Home » Creswick » History » People » The Lindsay Family » Percival Lindsay
The eldest son Percival, born on 17 September 1870, early showed an interest in art, receiving encouragement from S. A. Edmonds, a local bank manager and amateur painter with whom he occasionally sketched on week-ends, and at the weekly painting class in Ballarat of Frederic S. Sheldon. Lindsay was already a competent landscape painter by the time he joined the outdoor painting class conducted by Walter Withers at Creswick in January 1893, as his 'Creswick 1892' (Ballarat Art Gallery), somewhat influenced by David Davies.

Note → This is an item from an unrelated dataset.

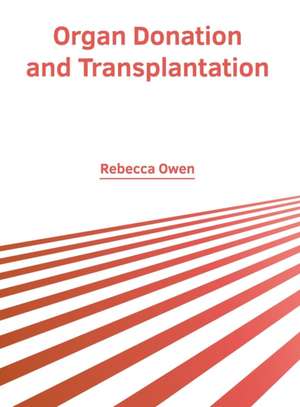 Organ Donation and Transplantation de Rebecca Owen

In 1895 Percy's brother Lionel encouraged him to settle in Melbourne and take classes in drawing at the National Gallery School but after a few months he went home. In 1897 he returned to Melbourne and began to draw for the illustrated press, continuing to paint, particularly around Heidelberg. On 23 March 1907 at Collingwood he married Jessie Hammon, daughter of a Creswick storekeeper. For some years he worked in the Sun Art studios in Bourke Street with Cyril Dillon.

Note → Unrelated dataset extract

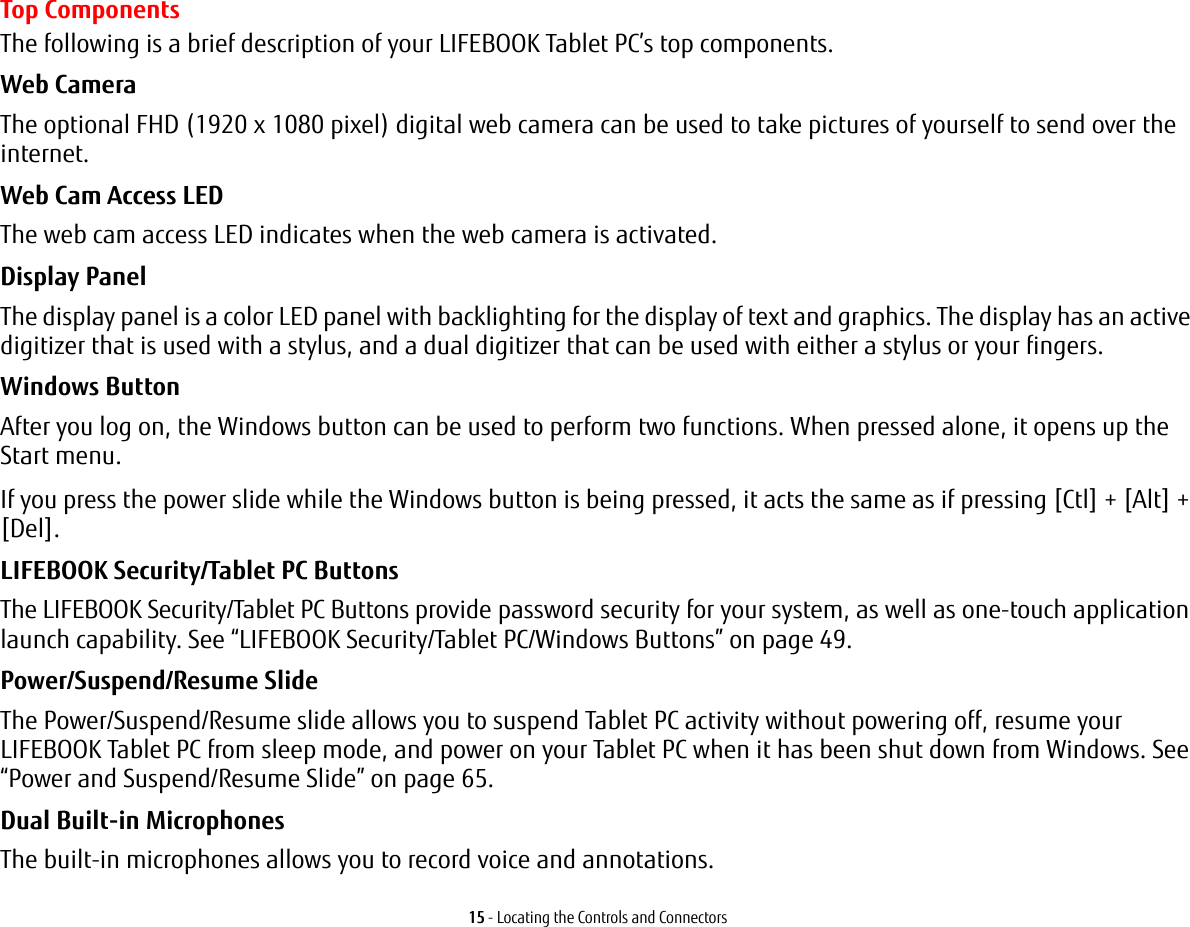 15 - Locating the Controls and ConnectorsTop ComponentsThe following is a brief description of your LIFEBOOK Tablet PC&rsquo;s top components. Web Camera The optional FHD (1920 x 1080 pixel) digital web camera can be used to take pictures of yourself to send over the internet. Web Cam Access LED The web cam access LED indicates when the web camera is activated.Display Panel The display panel is a color LED panel with backlighting for the display of text and graphics. The display has an active digitizer that is used with a stylus, and a dual digitizer that can be used with either a stylus or your fingers. Windows Button After you log on, the Windows button can be used to perform two functions. When pressed alone, it opens up the Start menu. If you press the power slide while the Windows button is being pressed, it acts the same as if pressing [Ctl] + [Alt] + [Del].LIFEBOOK Security/Tablet PC Buttons The LIFEBOOK Security/Tablet PC Buttons provide password security for your system, as well as one-touch application launch capability. See &ldquo;LIFEBOOK Security/Tablet PC/Windows Buttons&rdquo; on page 49.Power/Suspend/Resume Slide The Power/Suspend/Resume slide allows you to suspend Tablet PC activity without powering off, resume your LIFEBOOK Tablet PC from sleep mode, and power on your Tablet PC when it has been shut down from Windows. See &ldquo;Power and Suspend/Resume Slide&rdquo; on page 65.Dual Built-in Microphones The built-in microphones allows you to record voice and annotations.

At Lionel's suggestion he moved to Sydney in 1917 when he took over from Lionel as the principal illustrator for the New South Wales Bookstall Co., working on thirty-three of their books between 1919 and 1926, including stories by 'Steele Rudd' and Vance Palmer. A charming Bohemian who enjoyed the company of convivial friends, Percy was the least ambitious of the Lindsays and the most competent painter in the family. His best works are in the Ballarat gallery. An exhibition of his etchings was held in the Macquarie Galleries, Sydney, in March 1929. Predeceased by his wife and survived by their son, Percy Lindsay died at North Sydney on 21 September 1952 and was cremated. His artist friends at the funeral gave three cheers for the departed.
Two of Percy's works are on display at the Creswick Museum.